Chattanooga is blessed with restaurants that have been favorites for decades. ZarZours has been open for almost a hundred years, Wally’s since the 1930s, Nikki’s since the 1940s, and Ankar’s since the 1970s. Longhorn opened in 1959, so it’s not the oldest by far, but its iconic roof and menu of comfort food make it one of the most iconic. Whichever restaurant you frequented in your childhood, teens, or twenties, there’s a good chance it’s still standing, and still serving the great food you remember.

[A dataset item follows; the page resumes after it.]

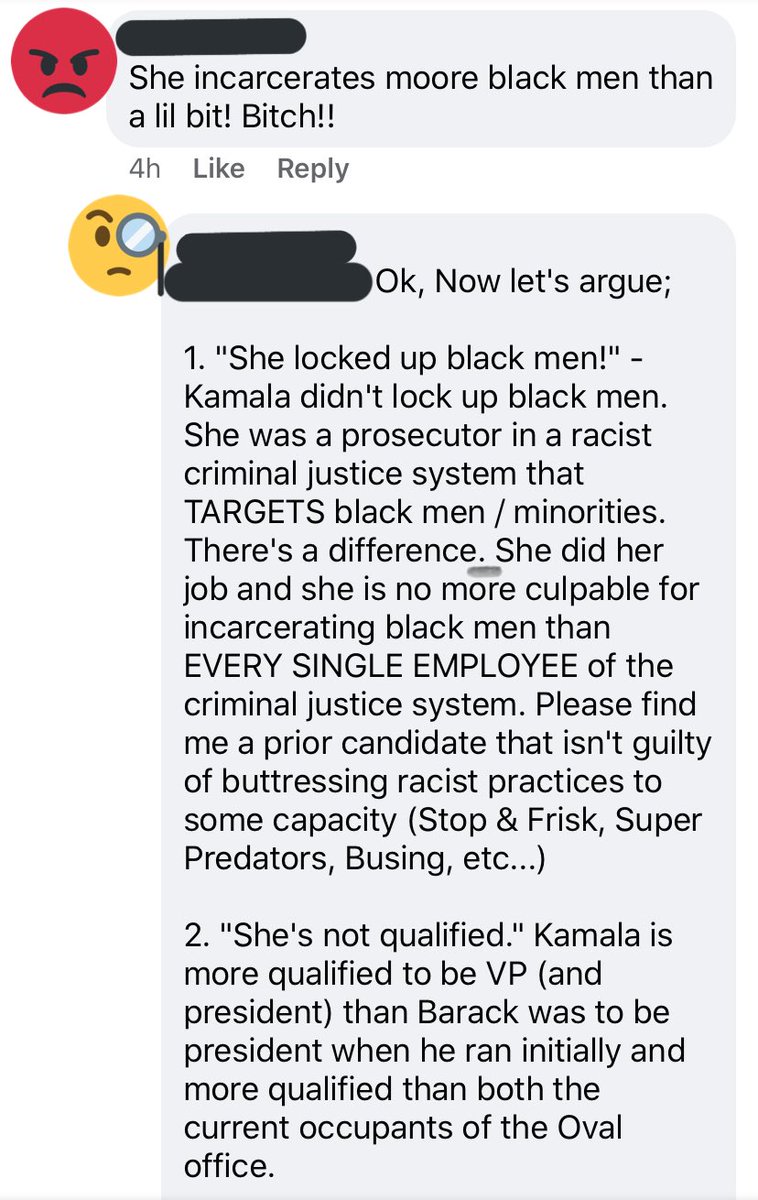 Now, THIS is where this gets GREAT. Another reasonable, well-spoken, intelligent person decided it was time to speak up...and boy, did they get the job done. Here we go.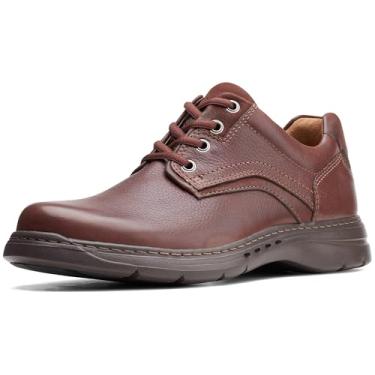 Imagem de Clarks Un Brawley Pace Mahogany Tumbled Leather 9 4E - Extra Wide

At 626 Market Street, not far from the site of the original Krystal restaurant, the Martin Theater was once a big draw in Chattanooga. You can see from this photo a hint at the city’s environmental woes with a reminder about “cleaner air week,” as well as an advertisement for color films. This shot would have been taken in 1967 when Jack Lemmon’s “In Luv” came out. You might have seen that or other hits from the era like The Graduate, In the Heat of the Night, Bonnie and Clyde, and Guess Who’s Coming to Dinner.
If you lived in or around Chattanooga in the 1960s, you may remember the Golden Gateway project that routed the new interstate system through the city and were meant to bring new life and commerce to the area. Many historic homes and neighborhoods were demolished to make way for the highway.